Share your dilemmas and get honest opinions from other Mumsnetters.

To ask for help with 3 kids on holiday?!

82 replies

holidayhell123 · 19/06/2023 19:28

I know this is going to sound incredibly privileged due to cost of living etc. but I am currently on holiday at an All Inclusive and I just want to go home!

It was supposed to be a relaxing break with our 3 kids (7,5,1) and instead it’s just actual hell. If i’m not spending the day asking the two eldest to stop doing something incredibly dangerous/stupid then i’m trying to stop the 1 year old from sprinting off into the water that is way over their depth. The 7 year old constantly wanders off as soon as your back is turned and the 5 year old whines the entire time. None of them sleep and i am just so exhausted! Husband is fantastic and really hands on but this holiday just feels never ending- we’ve been here a week and we are supposed to be going somewhere else before home, but instead i’m looking at flights back tomorrow!

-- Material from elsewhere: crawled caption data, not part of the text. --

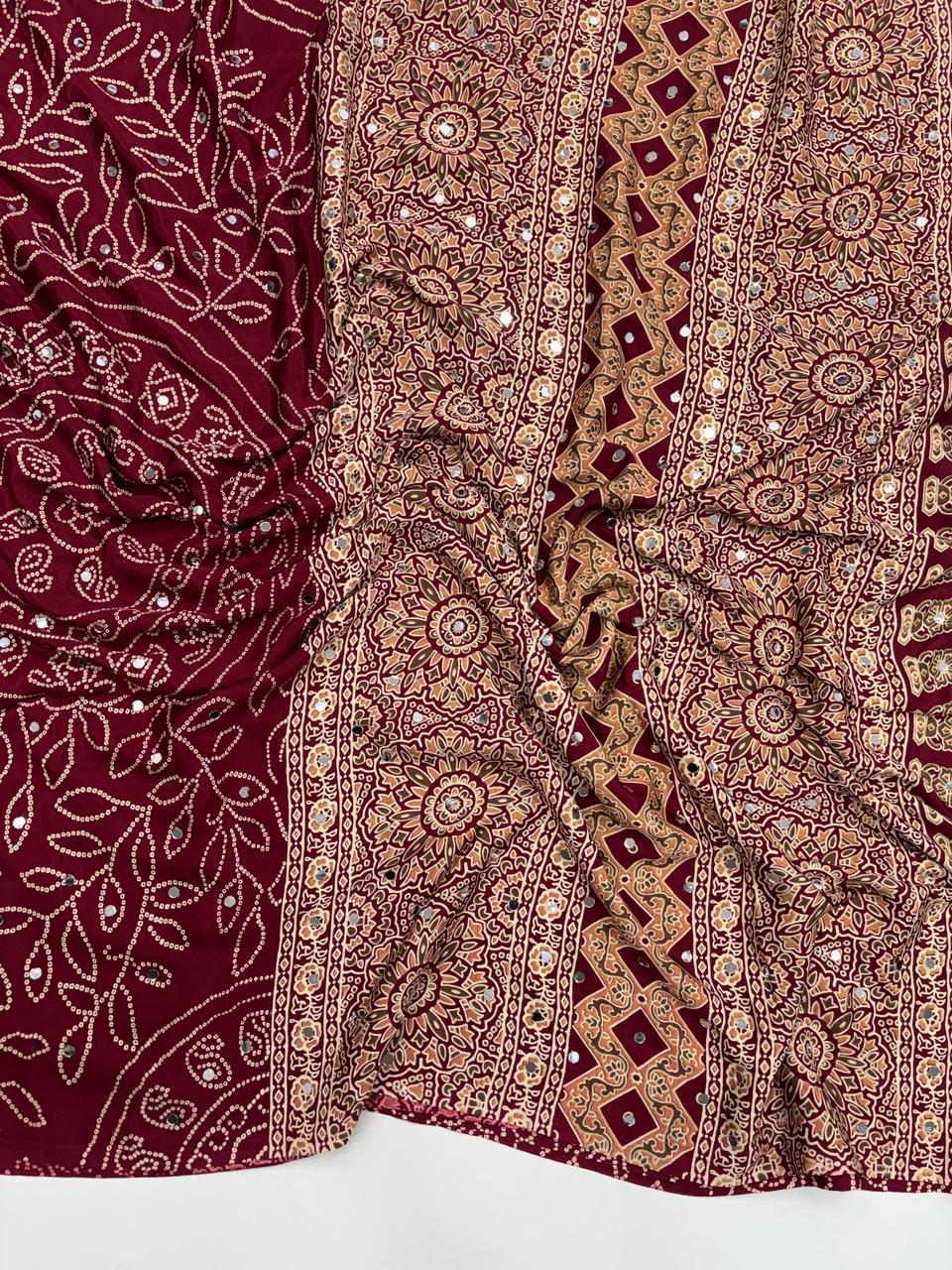 Gratifying Function Wear Pure Satin Silk Ajrak Printed Rich Pallu n Mirror Work Designer Saree With Blouse Piece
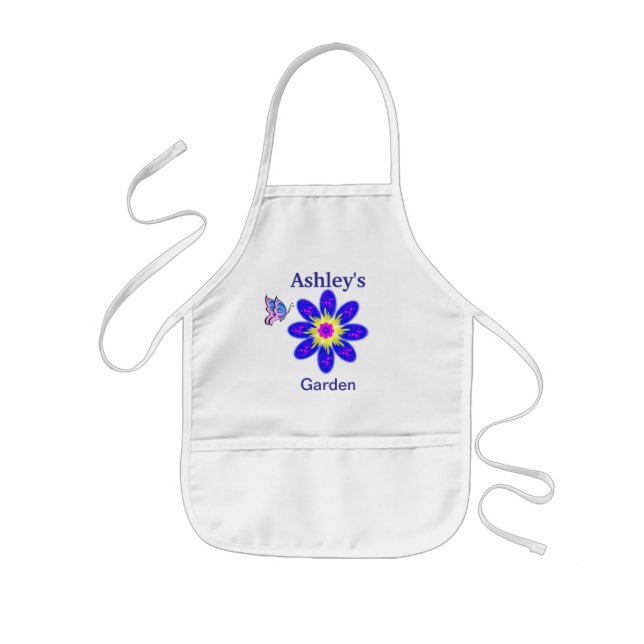 Kid's Blue Flower Garden Apron Personalized Name (Front)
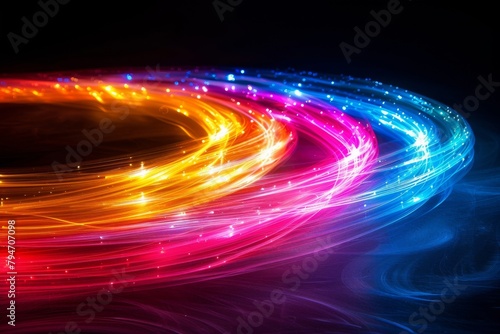 Vibrant light trails on dark background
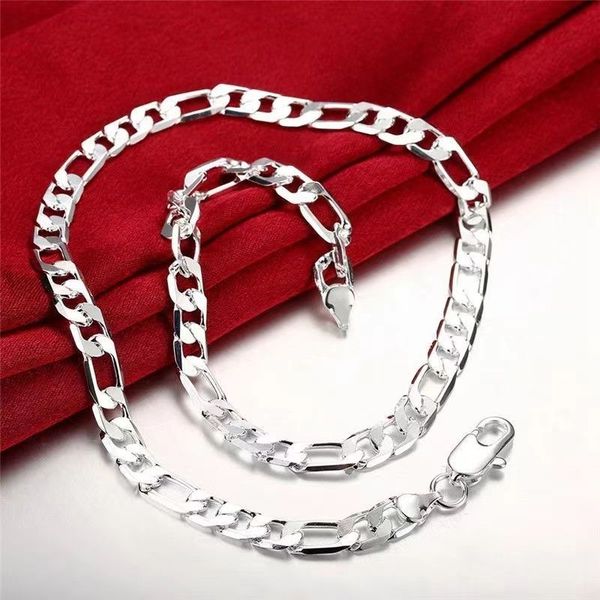 

cuba chain stainless steel titanium steel encryption 18k gold authentic finish stamped 10mm fine figaro chain necklace, Silver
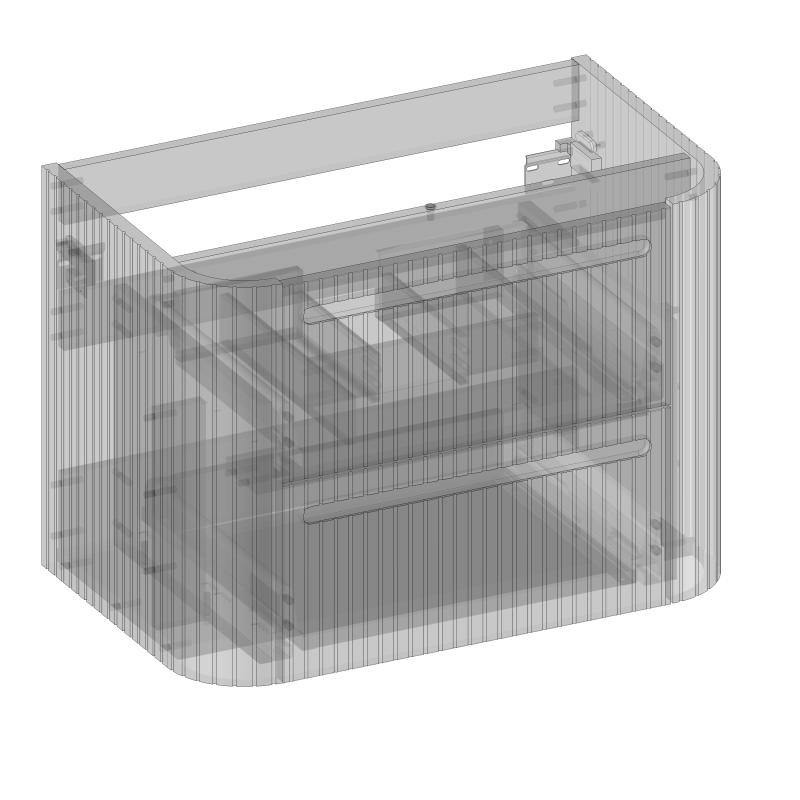 Kolekcja Gloria 2.0 Szafka pod blat i umywalkę nablatową, dwie szuflady, wbudowany organizer, ryflowanie| Sklep.devo.pl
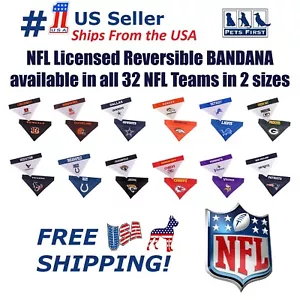 Pets First NFL Reversible Dog Bandana with Embroidered Team Name & Logo - Picture 1 of 112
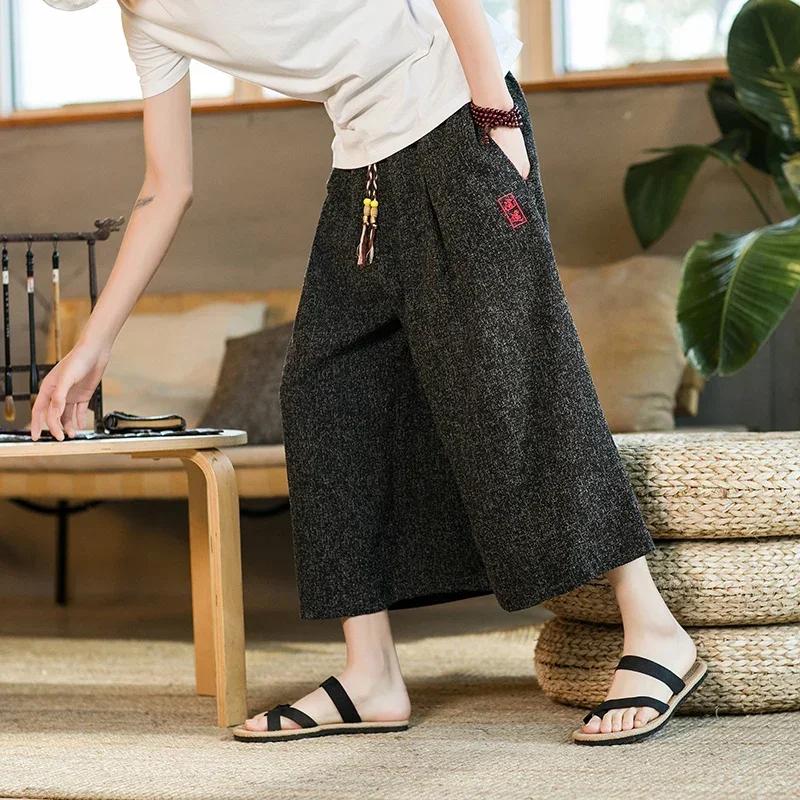 Pantalon Kimono de Style japonais pour hommes, pantalon de bain, samouraï japonais Harajuku, short a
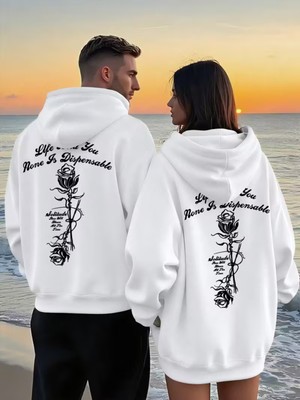 Nevermind Gül ve Yazı Baskılı - Tarz Sevgili Kombini 2'li Oversize Unisex Kapüşonlu Sweatshirt Seti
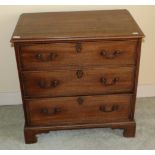 A George III Mahogany and Crossbanded Straight Front Chest, early 19th century, the moulded top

I just feel like my children have turned feral and i’ve spent the entire holiday shouting at them! Anyone else find their kids have a personality change on holiday?! I don’t expect to be able to sit back and read a book i just want five minutes of no one tantrumming or sulking or disappearing! It feels like more work to be here than to just stay at home!

OP posts:
Randobelia · 19/06/2023 19:31

Just go home, it's not worth it!

Where is the next place and is it another hotel?

CharlotteStreetW1 · 19/06/2023 19:33

Is there a kids club you can use for the elder two?

Piglet89 · 19/06/2023 19:36

This is why we have an only child.

NatMoz · 19/06/2023 19:40

Piglet89 · 19/06/2023 19:36

This is why we have an only child.

Threads like these make me happy with my one and done decision.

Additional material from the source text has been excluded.